◆ TASK GOAL: In your answer, repeat each line of the data exactly.

(Short descriptive text snippets)
####################

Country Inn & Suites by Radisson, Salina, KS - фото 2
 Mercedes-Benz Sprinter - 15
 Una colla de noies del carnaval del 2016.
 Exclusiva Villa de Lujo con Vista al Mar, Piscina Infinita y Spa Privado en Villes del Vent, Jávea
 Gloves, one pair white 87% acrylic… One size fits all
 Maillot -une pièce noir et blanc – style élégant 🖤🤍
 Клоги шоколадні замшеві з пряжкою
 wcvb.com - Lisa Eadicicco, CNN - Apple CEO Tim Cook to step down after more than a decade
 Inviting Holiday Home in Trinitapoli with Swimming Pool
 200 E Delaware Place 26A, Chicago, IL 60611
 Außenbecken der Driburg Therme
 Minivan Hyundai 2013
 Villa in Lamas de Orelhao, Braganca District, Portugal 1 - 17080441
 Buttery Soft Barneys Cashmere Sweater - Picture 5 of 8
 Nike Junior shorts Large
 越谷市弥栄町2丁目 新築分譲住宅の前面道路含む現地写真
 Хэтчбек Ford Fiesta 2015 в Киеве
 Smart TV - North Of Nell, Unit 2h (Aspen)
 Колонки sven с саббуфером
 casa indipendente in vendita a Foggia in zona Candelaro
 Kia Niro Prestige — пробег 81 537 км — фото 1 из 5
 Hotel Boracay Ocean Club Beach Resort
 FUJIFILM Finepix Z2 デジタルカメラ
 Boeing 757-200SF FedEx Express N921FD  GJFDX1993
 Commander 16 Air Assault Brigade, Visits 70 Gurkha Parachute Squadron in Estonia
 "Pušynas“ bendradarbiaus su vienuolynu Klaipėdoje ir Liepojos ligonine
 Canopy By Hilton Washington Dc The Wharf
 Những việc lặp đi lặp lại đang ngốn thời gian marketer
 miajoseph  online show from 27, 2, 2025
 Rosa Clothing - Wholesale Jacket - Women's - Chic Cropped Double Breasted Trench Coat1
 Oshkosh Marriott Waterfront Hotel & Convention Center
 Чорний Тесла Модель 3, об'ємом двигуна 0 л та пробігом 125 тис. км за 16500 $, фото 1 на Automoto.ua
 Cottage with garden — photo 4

####################

◆ ANSWER SECTION:
Country Inn & Suites by Radisson, Salina, KS - фото 2
 Mercedes-Benz Sprinter - 15
 Una colla de noies del carnaval del 2016.
 Exclusiva Villa de Lujo con Vista al Mar, Piscina Infinita y Spa Privado en Villes del Vent, Jávea
 Gloves, one pair white 87% acrylic… One size fits all
 Maillot -une pièce noir et blanc – style élégant 🖤🤍
 Клоги шоколадні замшеві з пряжкою
 wcvb.com - Lisa Eadicicco, CNN - Apple CEO Tim Cook to step down after more than a decade
 Inviting Holiday Home in Trinitapoli with Swimming Pool
 200 E Delaware Place 26A, Chicago, IL 60611
 Außenbecken der Driburg Therme
 Minivan Hyundai 2013
 Villa in Lamas de Orelhao, Braganca District, Portugal 1 - 17080441
 Buttery Soft Barneys Cashmere Sweater - Picture 5 of 8
 Nike Junior shorts Large
 越谷市弥栄町2丁目 新築分譲住宅の前面道路含む現地写真
 Хэтчбек Ford Fiesta 2015 в Киеве
 Smart TV - North Of Nell, Unit 2h (Aspen)
 Колонки sven с саббуфером
 casa indipendente in vendita a Foggia in zona Candelaro
 Kia Niro Prestige — пробег 81 537 км — фото 1 из 5
 Hotel Boracay Ocean Club Beach Resort
 FUJIFILM Finepix Z2 デジタルカメラ
 Boeing 757-200SF FedEx Express N921FD  GJFDX1993
 Commander 16 Air Assault Brigade, Visits 70 Gurkha Parachute Squadron in Estonia
 "Pušynas“ bendradarbiaus su vienuolynu Klaipėdoje ir Liepojos ligonine
 Canopy By Hilton Washington Dc The Wharf
 Những việc lặp đi lặp lại đang ngốn thời gian marketer
 miajoseph  online show from 27, 2, 2025
 Rosa Clothing - Wholesale Jacket - Women's - Chic Cropped Double Breasted Trench Coat1
 Oshkosh Marriott Waterfront Hotel & Convention Center
 Чорний Тесла Модель 3, об'ємом двигуна 0 л та пробігом 125 тис. км за 16500 $, фото 1 на Automoto.ua
 Cottage with garden — photo 4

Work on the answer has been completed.